Fix Failure rate and Success rate denominator on CI/CD analytics page

What does this MR do and why?

Fixes the Failure rate and Success rate on the project CI/CD analytics page (<project>/-/pipelines/charts). Previously both rates used a denominator that included canceled and skipped, which silently diluted them — a real example from gitlab-org/gitlab showed Failure rate 7% + Success rate 91% = 98% (the missing 2% was the canceled/skipped slice absorbed into the denominator).

After this MR:

  • SUCCESS and FAILED rates are computed against success + failed (conclusive outcomes only). The two rates always sum to ~100% on projects with no OTHER jobs/pipelines.
  • OTHER rate (canceled/skipped) keeps the total denominator — "% of all runs that were canceled" only makes sense relative to the total. This preserves the CANCELED_RATE_* sort order semantics for external API consumers.
  • A How this is calculated? info-o popover is added next to the Failure rate KPI and the Failure rate (%) column header in the Jobs panel so users see the formula in-context. UX approved here.

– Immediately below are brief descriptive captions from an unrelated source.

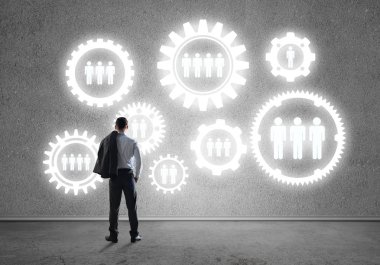 İş adamının çizilmiş dişli mekanizmasıyla duvara baktığı arka plan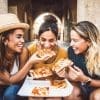 Three women eating pizza in an exotic location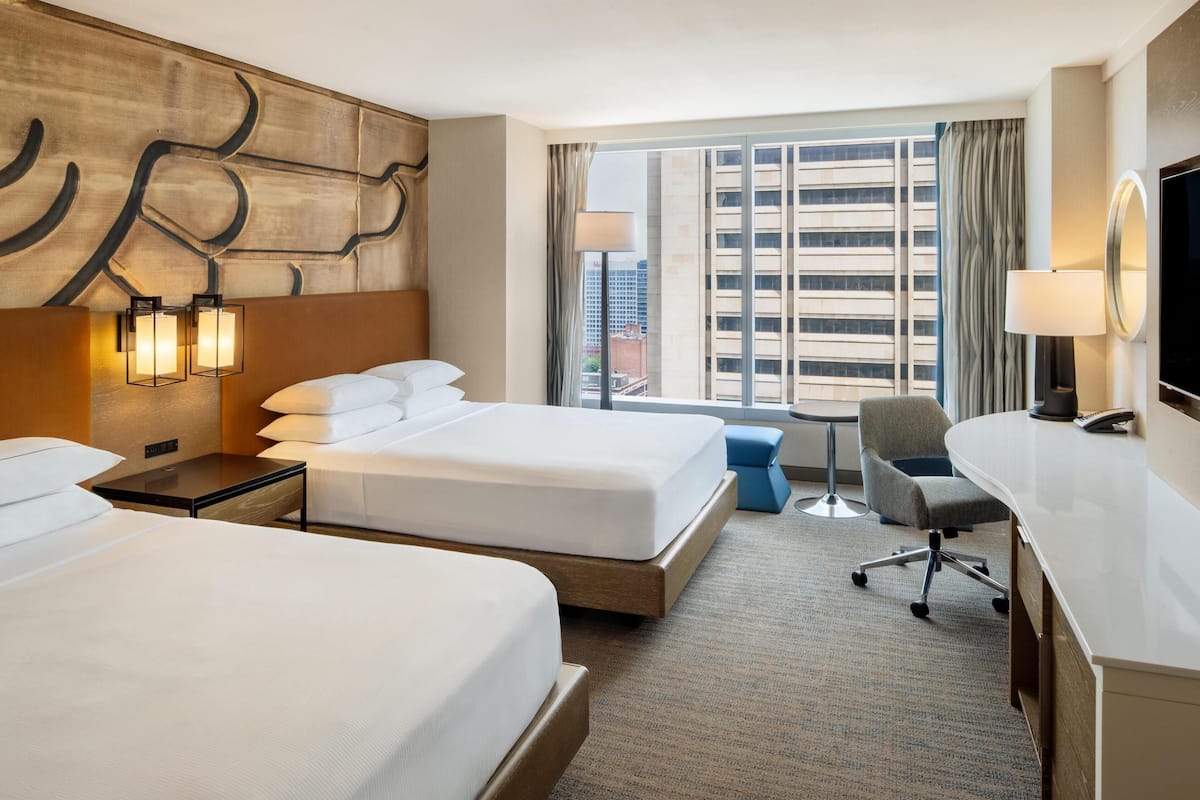 A hotel room with two beds, a desk, a chair, and a large window with a city view.
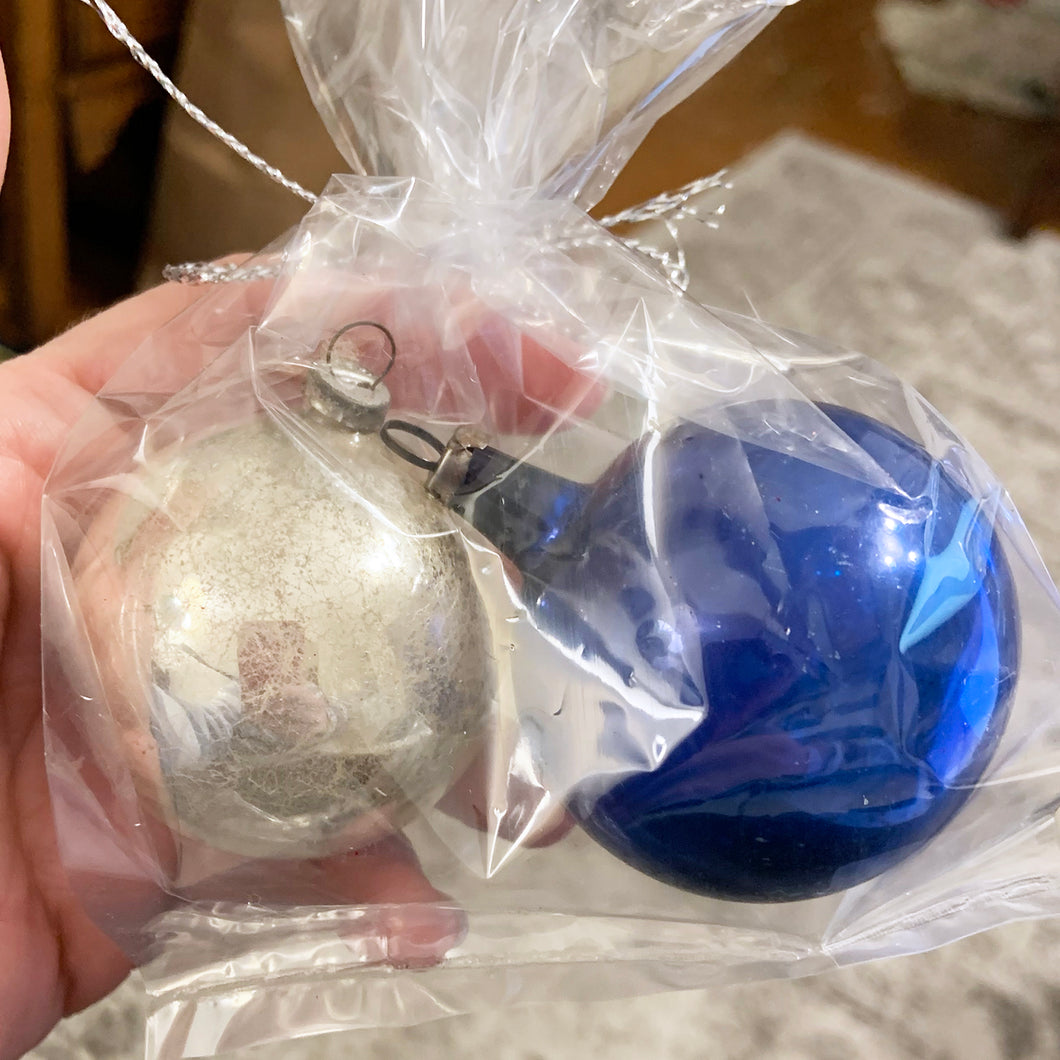 Classic hand blown vintage glass ball Christmas tree ornaments in blue and silver with great patina.  In vintage condition.  Each measures 2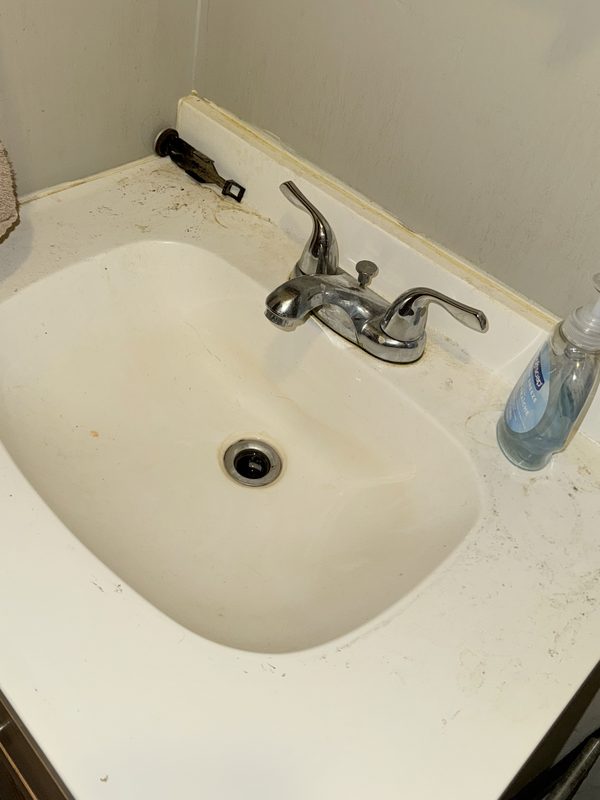 Bathroom vanity in Allison Park before cleaning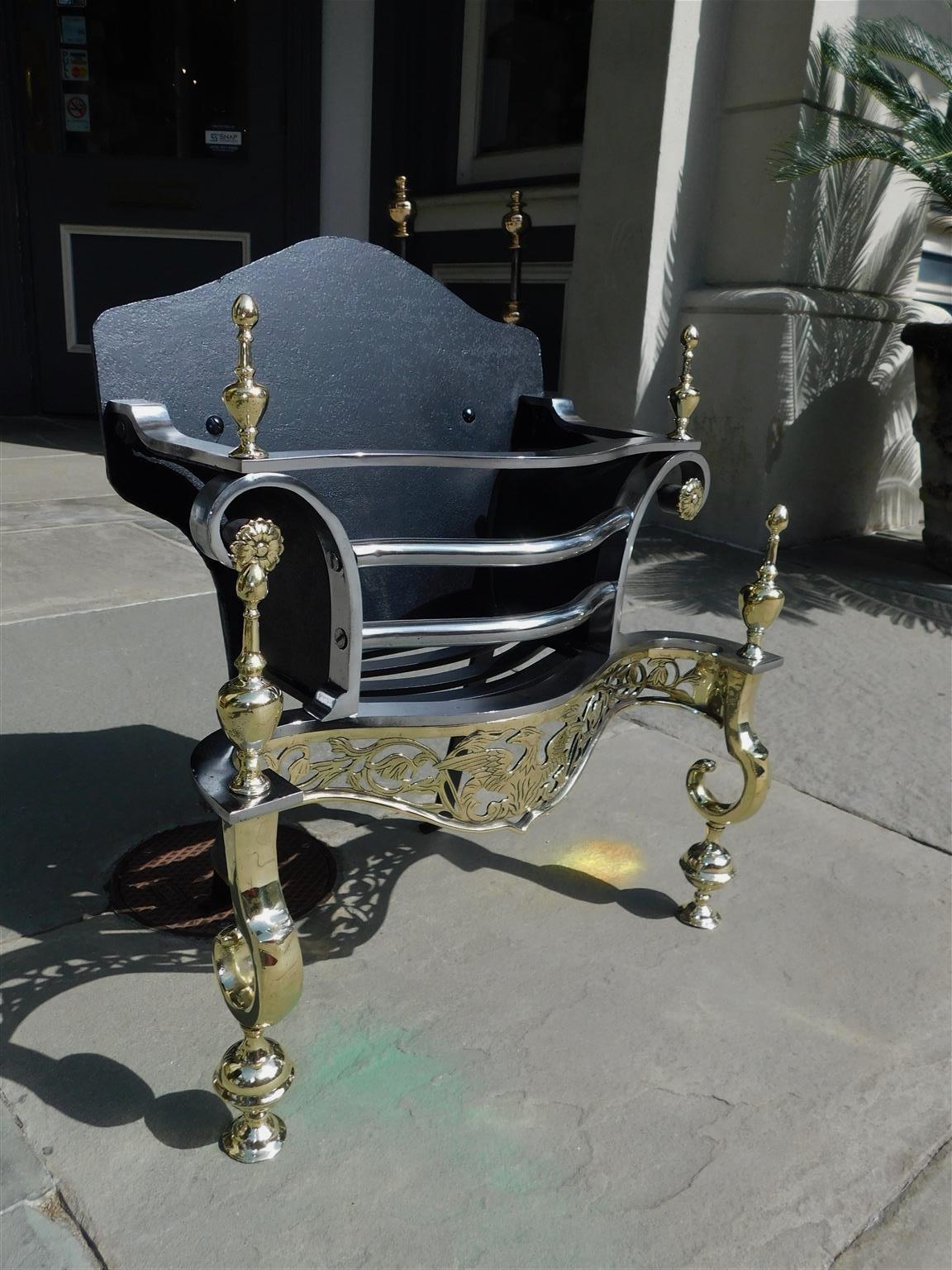 American brass and polished steel fire coal grate with flanking urn finials, floral medallions, hand chased foliage and eagle gallery, serpentine cast iron back, and resting on scrolled bulbous legs. Early 19th century.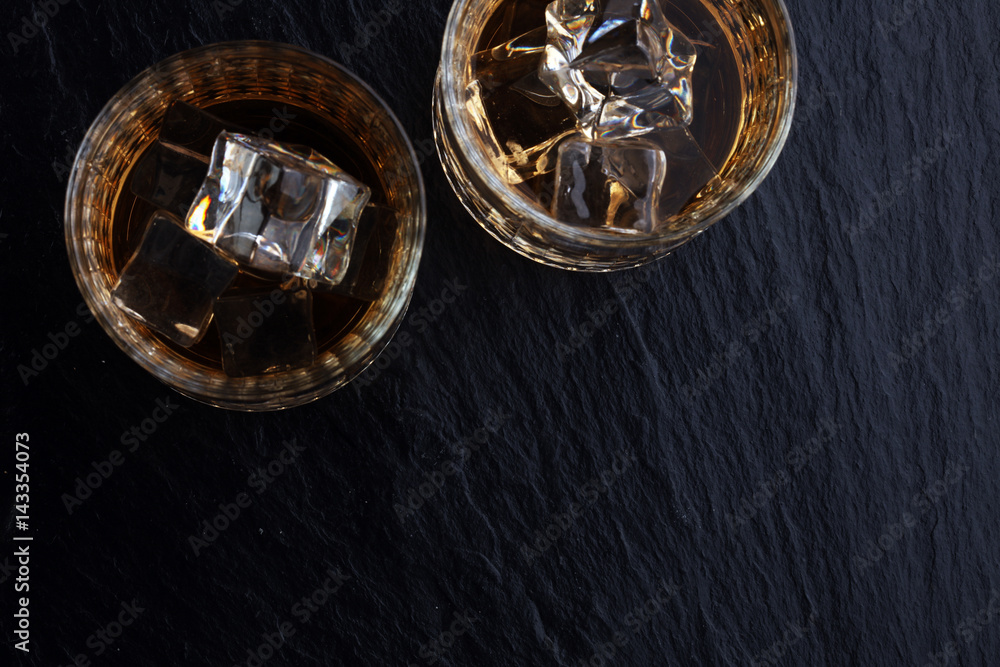 glass of whiskey with ice on a wooden glass of whiskey with ice on a wooden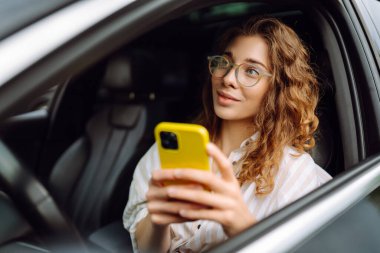 Elinde telefonla araba süren güzel kıvırcık bir kadının portresi. Mutlu kadın araba hareketleri için mobil navigasyon kullanıyor. Taşımacılık kavramı, hareketlilik.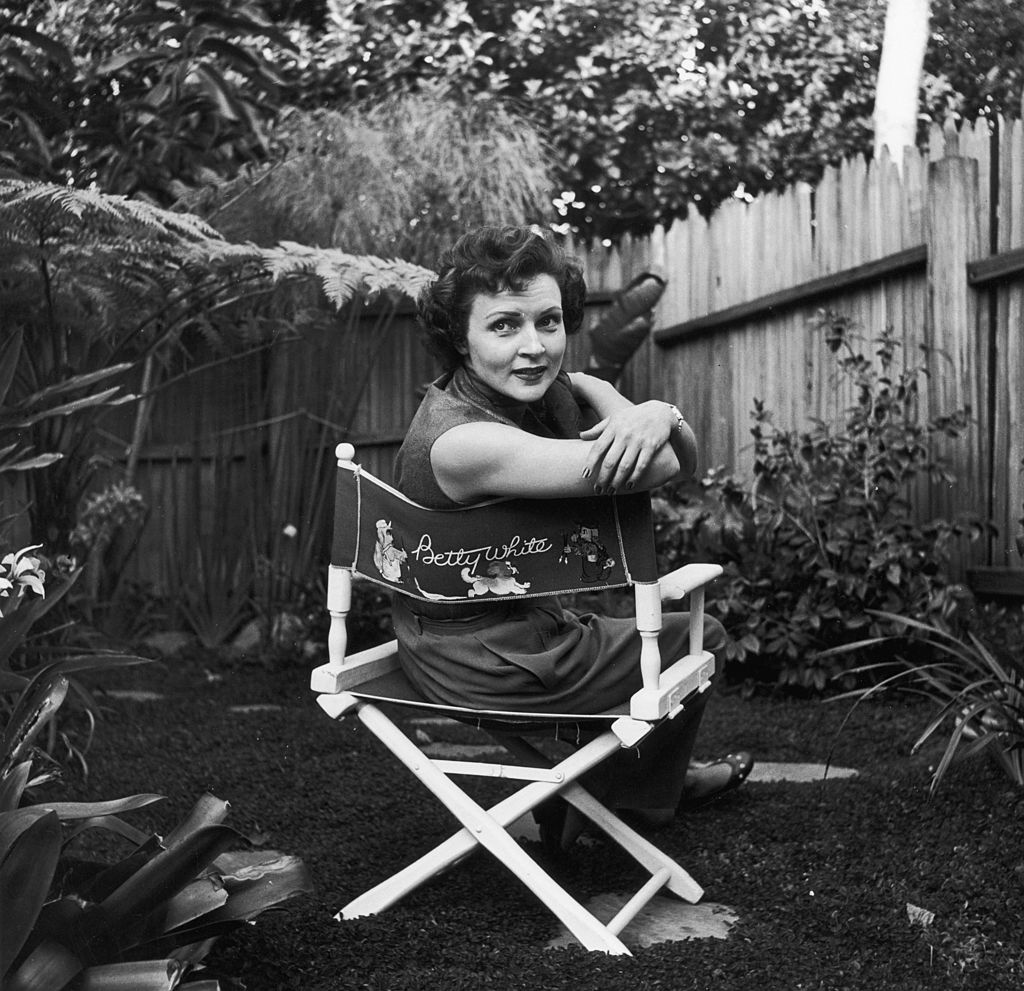 貝蒂·懷特(Betty White)大約在1956年坐在帆布椅上,她的名字裝飾在椅子的背面。(Hulton Archive/Getty Images)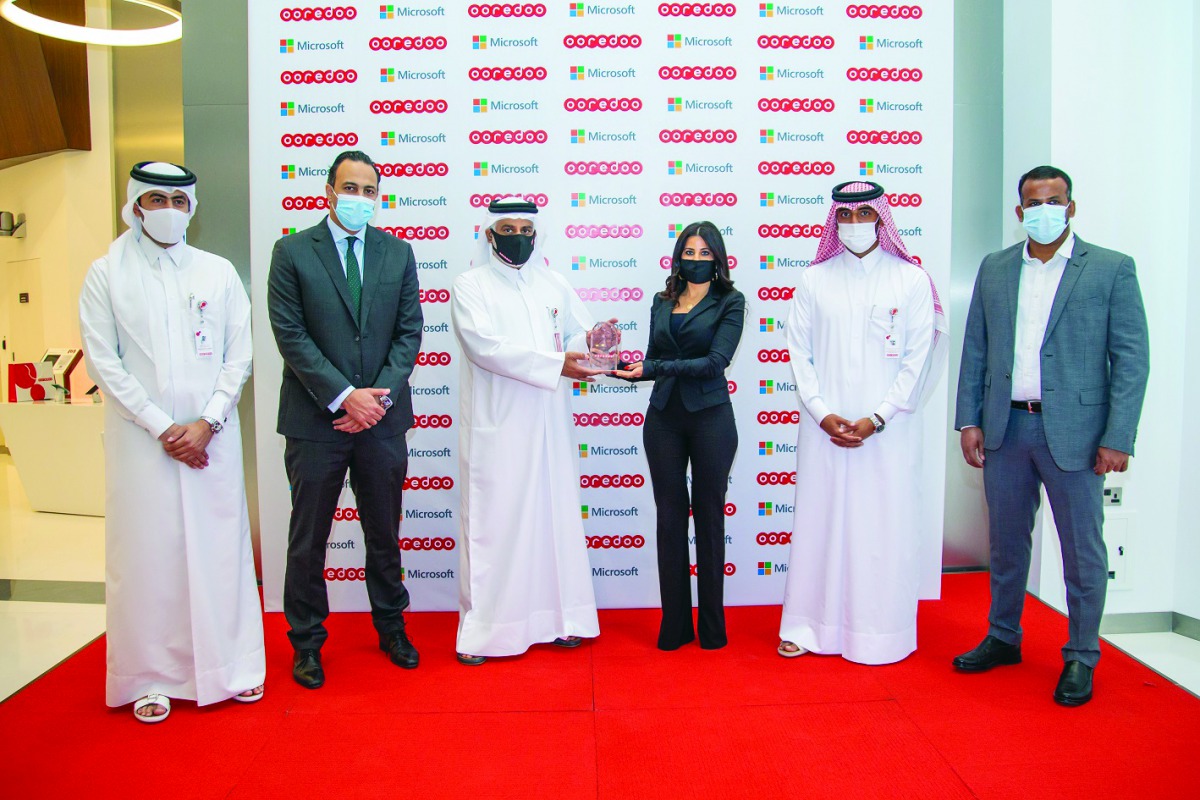 Ooredoo and Microsoft officials during a ceremony.
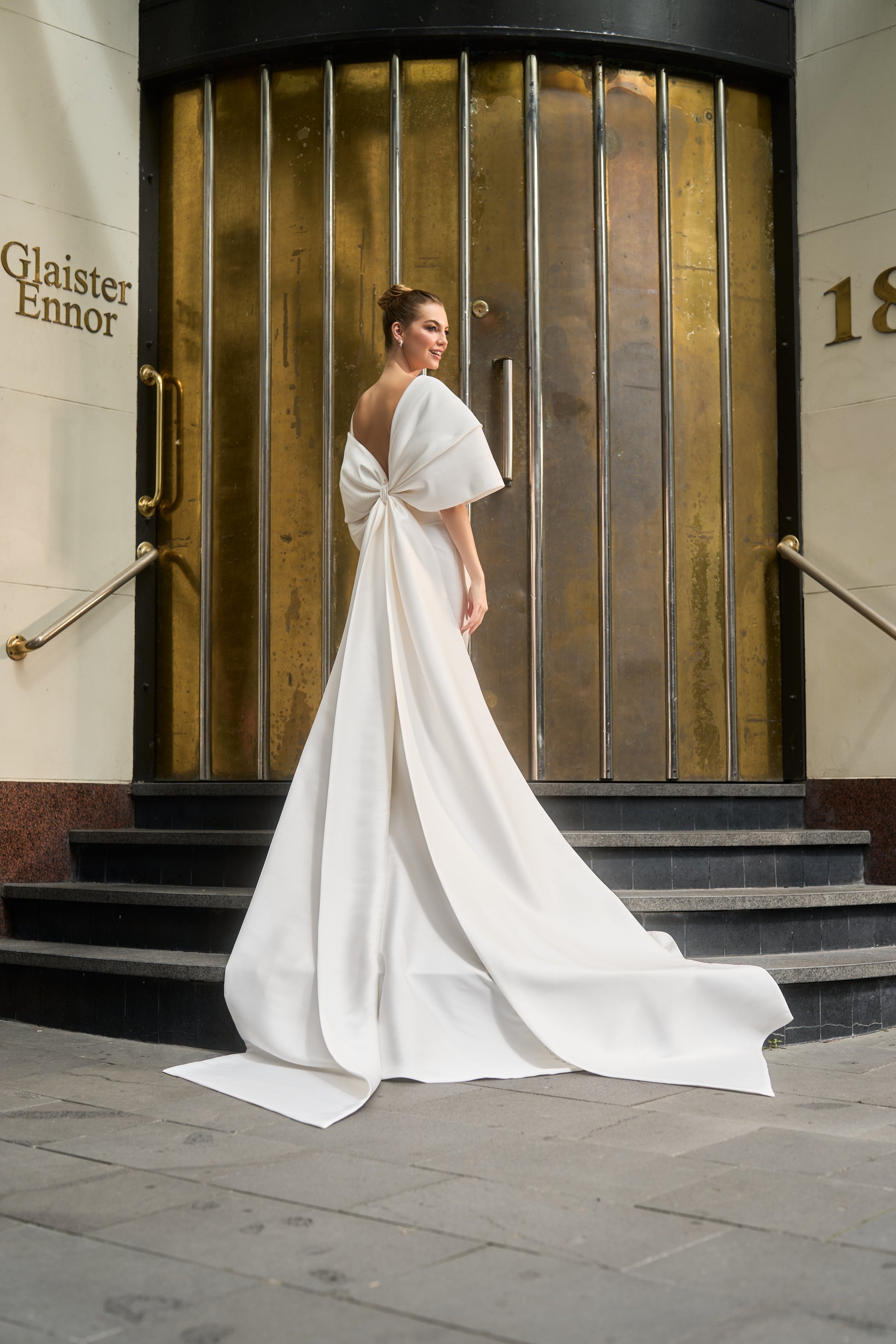 dramatic bow with train wraps around model's arms like shawl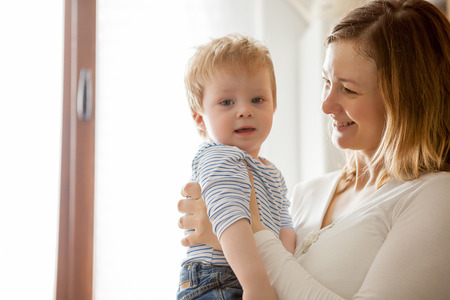 Mother and child son having fun time toghether. Family lifestyleの写真素材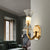 Brass Curvy Wall Mount Lamp Postmodern 1 Head Clear and Frosted Glass Sconce Light for Parlor Brass Clearhalo 'Cast Iron' 'Glass' 'Industrial' 'Modern wall lights' 'Modern' 'Tiffany' 'Traditional wall lights' 'Wall Lamps & Sconces' 'Wall Lights' Lighting' 786615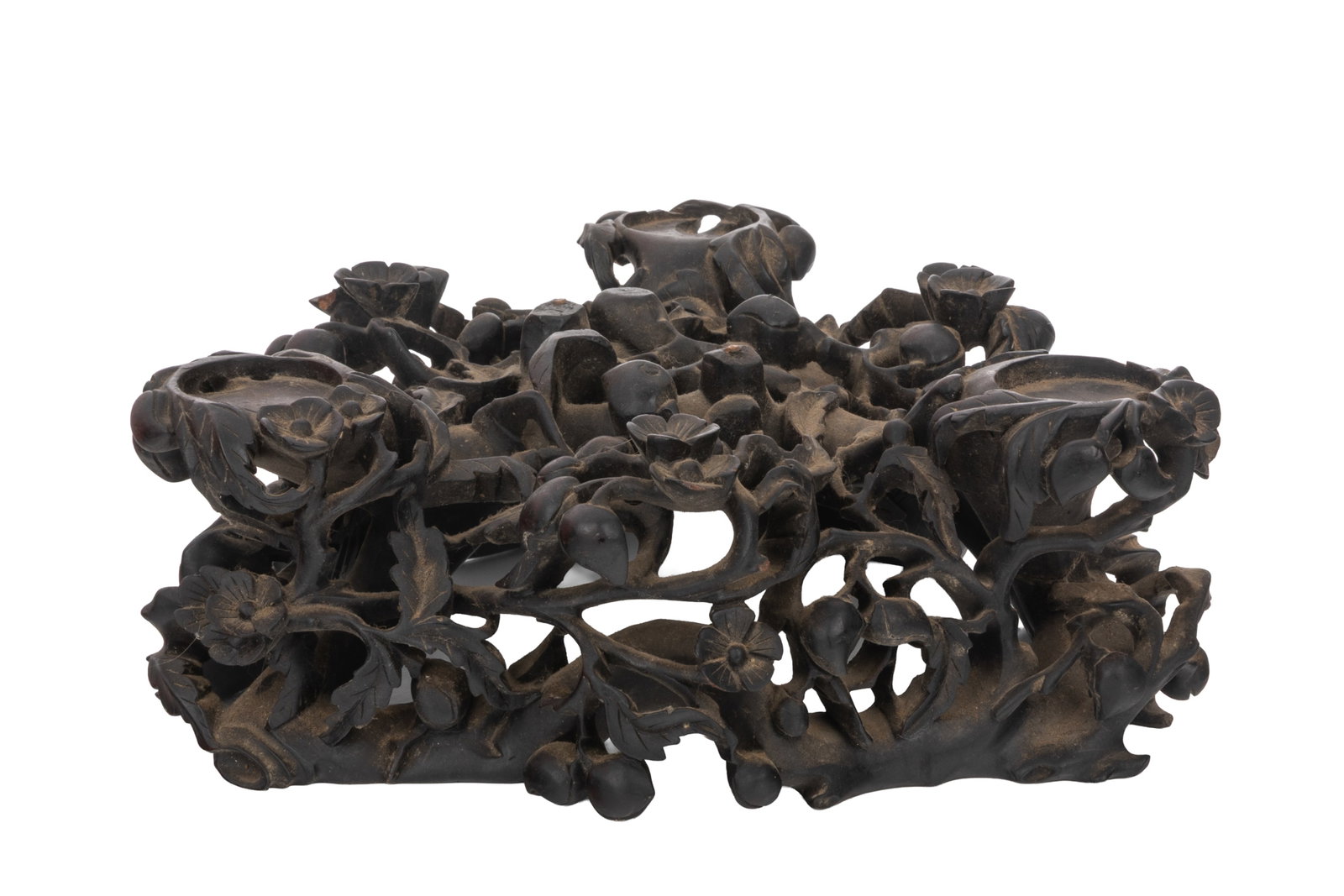 CHINESE CARVED HARDWOOD TRIPOD STAND: Antique triangular wood stand with scrolling flowers, foliage and peaches, supports for a tripod censer, Qing dynasty.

The fix lives in three layers:

  1. Backend (Jobs panel rates): lib/click_house/finders/ci/concerns/finished_builds_aggregations.rbbuild_rate_aggregate now picks the right denominator per status. When both success + failed = 0, ClickHouse returns NaN which serializes to JSON null and the frontend renders -.
  2. Frontend (Pipelines KPI strip): pipelines_stats.vue — computes successCount + failedCount client-side as the rate denominator (there is no rate GraphQL field for pipeline analytics).
  3. Frontend (Jobs panel tooltip): job_analytics_table.vue — the per-cell tooltip N / M uses the same success + failed denominator so the displayed fraction matches the displayed rate.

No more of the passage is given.